De quoi s’agit-il ? Un courant de pensée aussi convaincu de sa propre validité exclusive doit expliquer le fait qu’il n’a pas été, et n’est pas en train d’être reconnu comme étant exclusivement valable. En effet, le monde est plein d’interprétations et de dispositifs basés sur des hypothèses et des principes qui contredisent la vraie nature des choses. Un récit de conversion « n’a qu’un seul but – celui de convertir un individu, une culture, une nation, d’un régime conceptuel à un autre » en utilisant des histoires causales qui subvertissent les perceptions établies, quoiqu’erronées, de la réalité. Son but est de révéler les « mécanismes causals réels mais cachés » de l’ordre social, actuellement ignorés et violés par les louvoiements d’intérêts dominants et malintentionnés. Typiquement, le récit « commence avec une crise actuelle, puis retourne dans le temps vers un passé plus harmonieux avant le commencement de cette crise, avant de revenir de nouveau vers le présent problématique ». À l’aide d’expériences imaginaires, il prédit « deux avenirs possibles – l’un ne promettant qu’une continuation des mêmes problèmes, et l’autre promettant un avenir restauré à l’état d’harmonie originel ».
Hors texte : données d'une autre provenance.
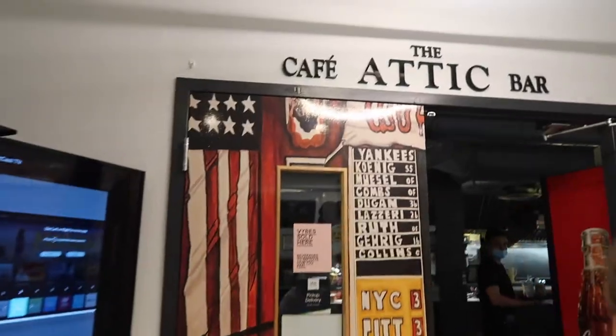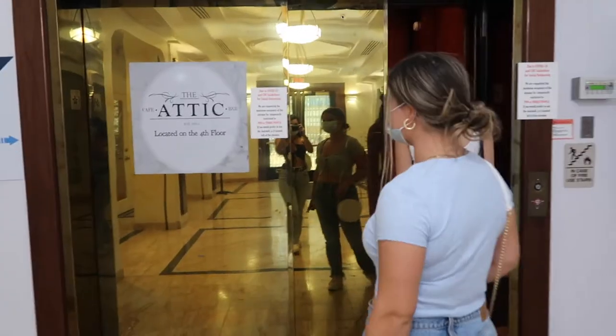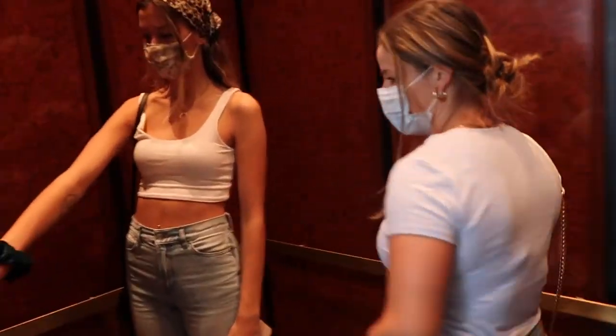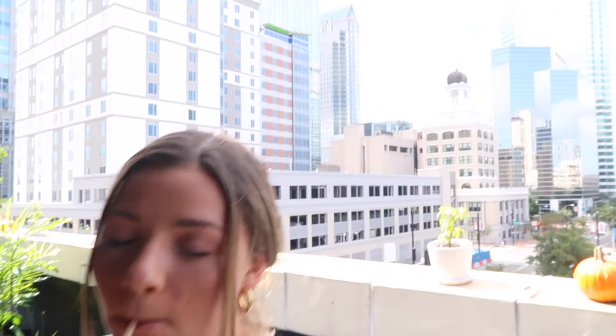For today's review I went to the Attic Cafe, which is located in downtown Tampa. To get to the restaurant you go up an elevator, and it's actually a rooftop restaurant, so there is outdoor seating on a ledge that overlooks all of the downtown buildings.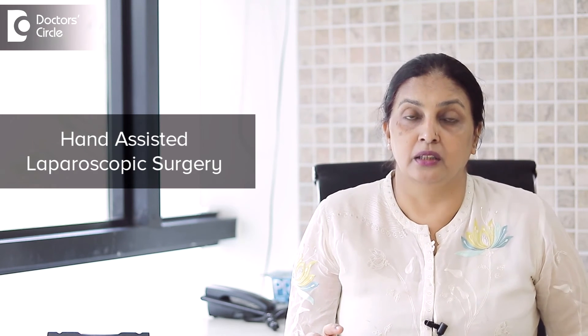Sometimes we call this hand-assisted laparoscopic surgery. In some areas where we cannot access the organ directly just with laparoscopy, we need extra mobilisation — lifting and holding — with the extra feel and touch that the hand provides.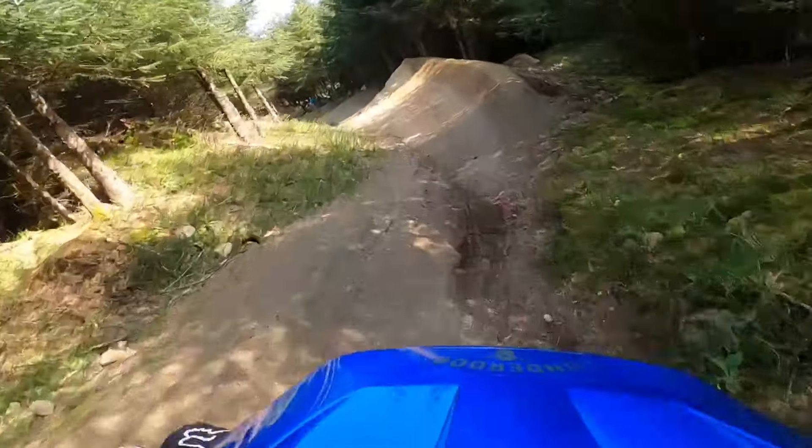One happy boy — first place in that race and first place overall in GAP DH League! Here's a wee video call to Zach at the end while we were waiting in his race room. Go on, Zach!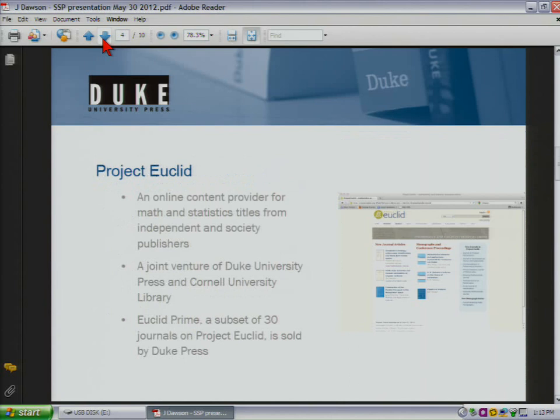I wanted to mention Project Euclid, which is a joint venture between Duke Press and Cornell University Library. It's an online content provider for math and statistics titles. It's had a lot of success internationally, and I'll probably be pulling several examples from our experience with Euclid. We work with Euclid to sell Euclid Prime, which is a subset of about 30 journals that we sell as a package.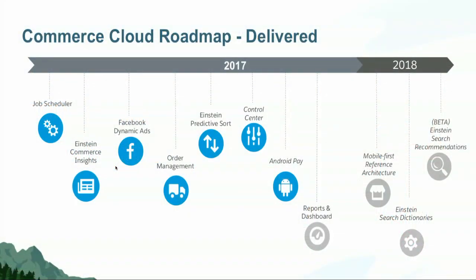I want to talk a little bit about the Commerce Cloud roadmap. I've been teaching Commerce Cloud for the last two and a half years. Last year was a breakthrough year — we integrated Einstein and did some critical pieces like order management. This year it's significant because we realized something is inherently flawed in the architecture. So we introduced mobile-first reference architecture, also called MFRA. The name didn't quite fit Salesforce's marketing philosophy, so it was changed to Storefront Reference Architecture, or SFRA. In 2018, you'll also see Einstein-related enhancements like search recommendations and search dictionaries. For this presentation I'll focus only on SFRA.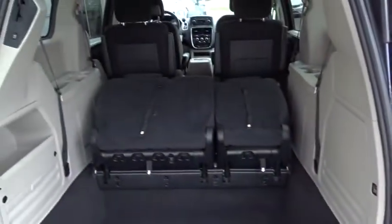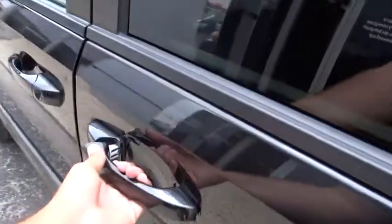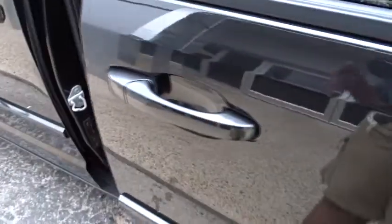Here are some of this vehicle's great options: stability control, power liftgate, keyless entry, traction control, anti-lock braking system, steering wheel audio controls, adjustable steering wheel, power steering, floor mats, aluminum wheels, four-wheel disc brakes, cruise control.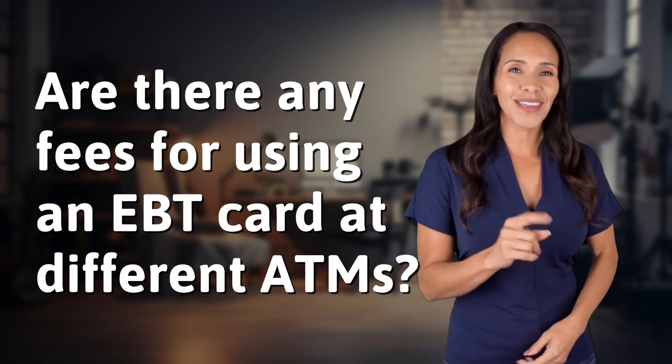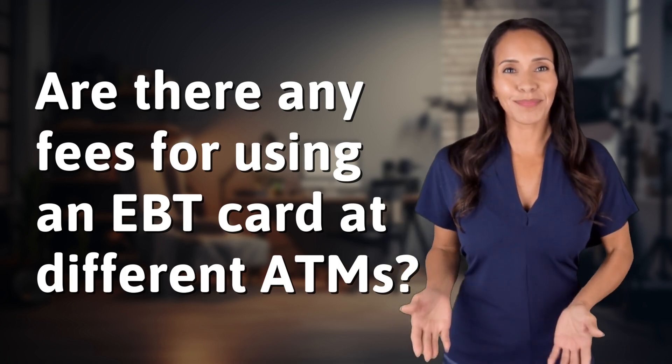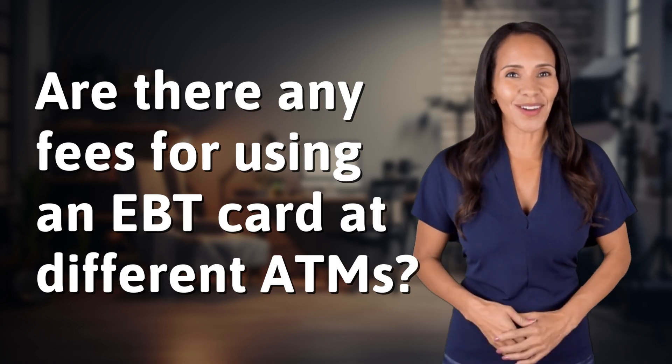Rapid fire answers coming your way. What's today's burning question? Let's find out.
Les opinions conventionnelles, y compris celles qui sont intellectuellement respectables, partent du principe que les courants d’idées sont le produit de circonstances matérielles, dont ils accompagnent le développement plus qu’ils ne le déterminent. Ainsi, ils affirment la nécessité de nouvelles structures collectives, et justifient, dissimulent ou jouent un rôle de médiateur entre les intérêts sociaux sous-jacents. Dès l’annonce de son titre, The Power of Market Fundamentalism défend la position inverse. Le livre soutient avec vigueur l’implantation non seulement institutionnelle mais aussi conceptuelle de « la réalité de la société ». Après avoir analysé l’avènement du fondamentalisme de marché entre le XVIIIe et le XXe siècle, il souligne sa prédominance tenace à notre propre époque, illustrée par exemple par la façon dont les réformes du système d’assistance sociale effectuées par le Président Clinton ont expressément repris l’argument de perversité élaboré par Malthus et validé du point de vue institutionnel par la New Poor Law.
Le livre de Block et Somers contient de nombreux autres arguments éclairants. Il comprend aussi, bien sûr, d’autres affirmations qui méritent d’être remises en question. Pour n’en citer qu’une, ils estiment que la notion de « société de marché » demeure une caractérisation valable de l’ordre social contemporain, en dépit de nombreuses raisons montrant que c’est plutôt la « démarchandisation » qui domine les économies contemporaines. Mais l’on ne peut qu’applaudir leur contribution au débat consacré aux nombreux problèmes posés à l’analyse sociale (y compris dans sa variante polanyienne) par les grands événements contemporains.